Keajaiban Operasi Anak Kami (Bagian 1)

(Si kecil dan umminya)

Akhirnya tiba juga saat yang tak mengenakkan ini. Saat yang walau kami ingin segera melewatinya, tapi tak ingin merasakannya.

Saat itu adalah: Telah tibanya waktu anak kami untuk dioperasi.

Selama ini kami memendam kekhawatiran karena buah hati kami, Qadarullah mengalami kondisi kelainan yang bernama Hernia dan Hipospadia. Suatu kelainan bawaan lahir yang dibilang umum tapi langka, dibilang langka tapi cukup sering terjadi kasusnya.

Hernia adalah suatu keadaan berawal dari testis yang tidak turun ke kantong zakar. Gejala yang dialami: pembengkakan di selangkangan. Solusi yang diambil adalah operasi setelah usia setahun testis tak juga turun. Operasi dilakukan agar menghindari kerusakan testis dan mencegah terjadinya tumor dikemudian hari.

Sedangkan Hipospadia adalah suatu kondisi dimana lubang uretra berada di bawah penis. Satu-satunya jalan adalah rekonstruksi (operasi) dengan mengembalikan uretra ke posisinya semula yaitu ujung penis.

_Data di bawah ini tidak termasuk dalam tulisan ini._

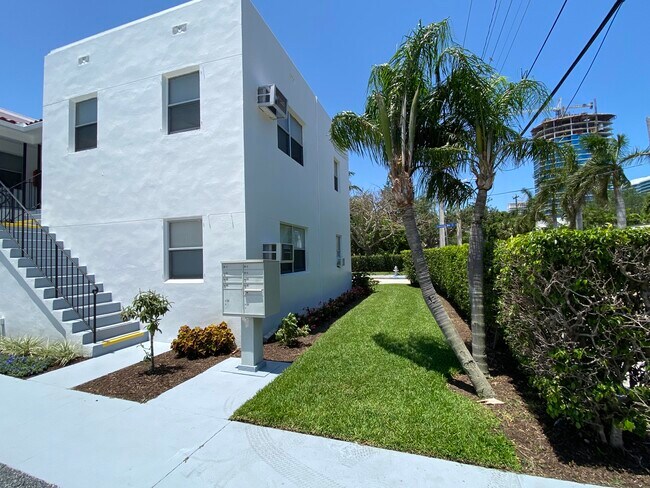 Building Photo - 1519 S Olive Ave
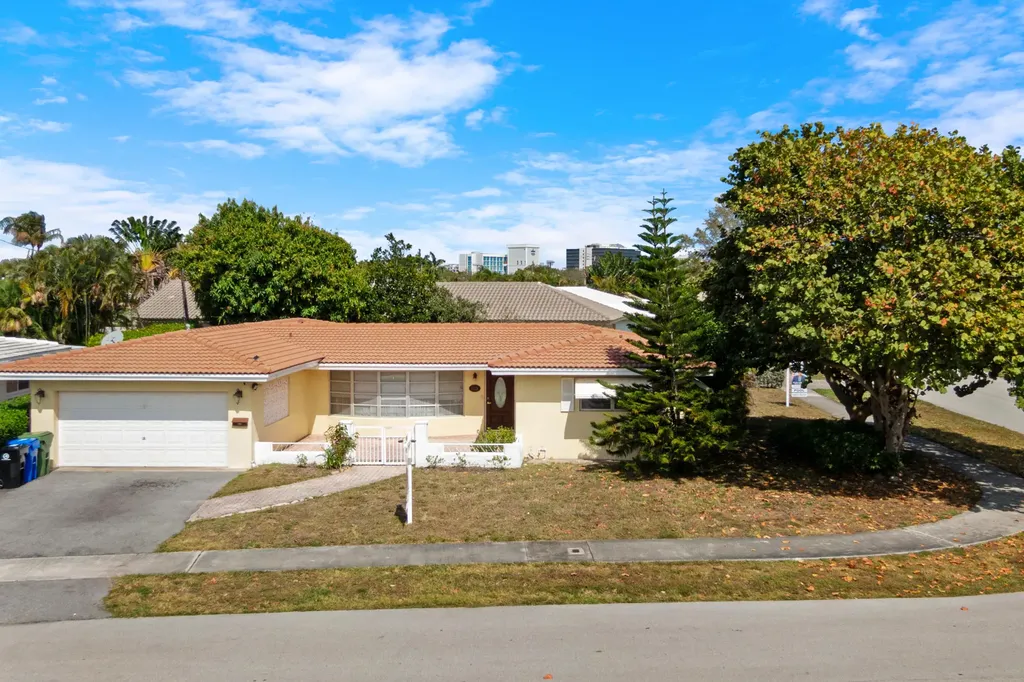 2129 NE 60th Street Fort Lauderdale FL 33308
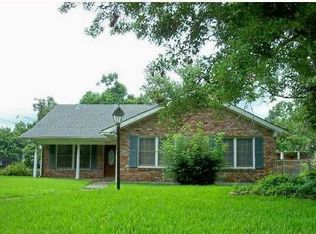 9600 Justin Pl, River Ridge, LA 70123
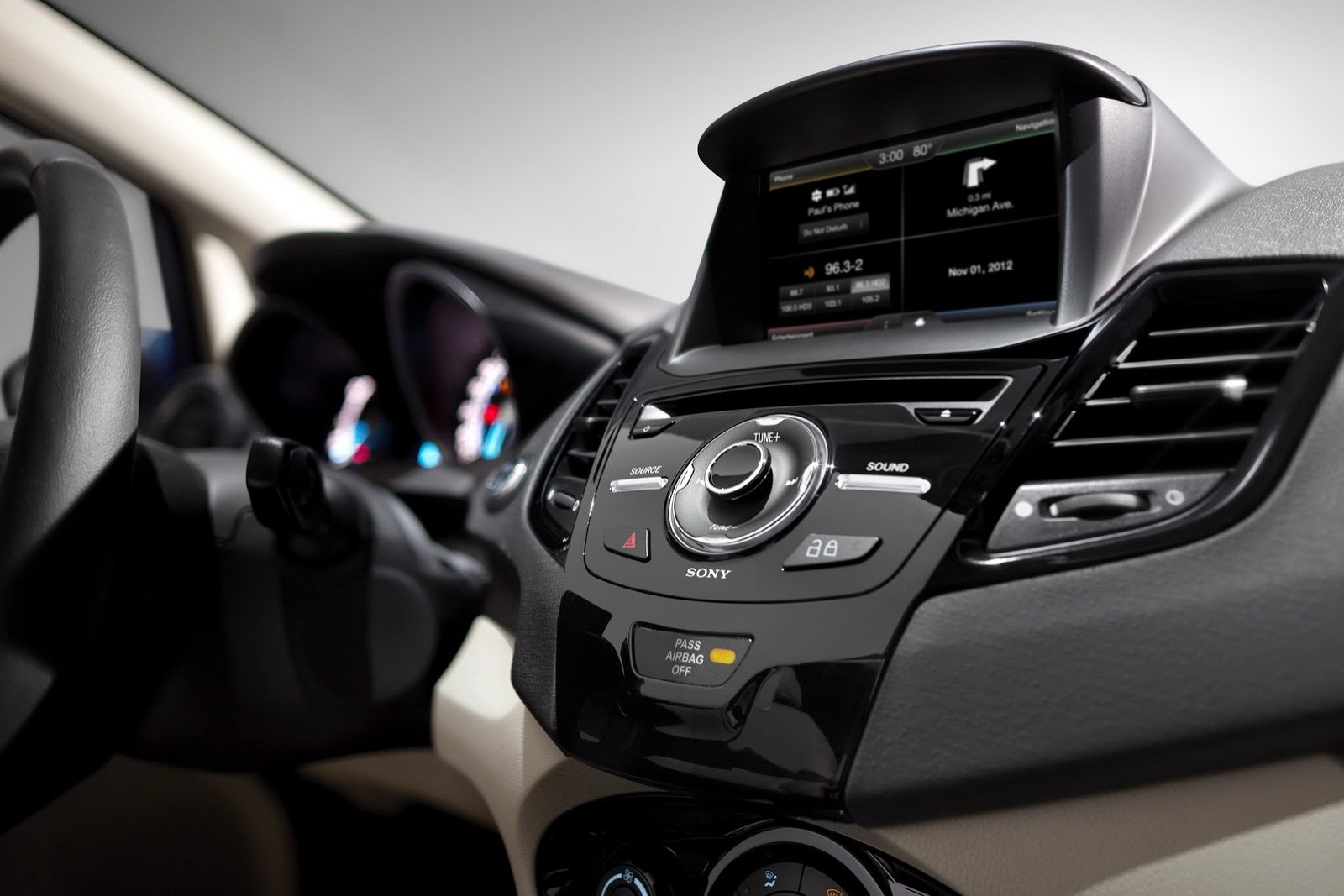 2014-Ford-Fiesta-50[2].jpg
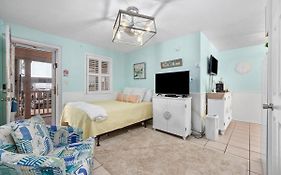 Cherry Grove Efficiency Just Steps From The Beach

Sebenarnya saya enggan menulis kisah ini, karena saya anggap ini terlalu privacy. Tapi karena saya mengalami suatu peristiwa yang bagi saya ini adalah pertolongan Allah, maka saya ingin ceritakan kisah saya di blog tercinta ini.

♡♡♡♡♡♡♡♡♡

Dua tahun lamanya kami mengalami proses yang tertunda dan berbelit-belit dari aturan BPJS dan penangan medis. Kami di over kesana kemari, berganti rumah sakit, berganti dokter, namun si kecil belum juga bisa mendapatkan penanganan. Ditambah pula mewabahnya pandemi Covid-19 diawal 2020, proses pengobatan pun makin tertunda.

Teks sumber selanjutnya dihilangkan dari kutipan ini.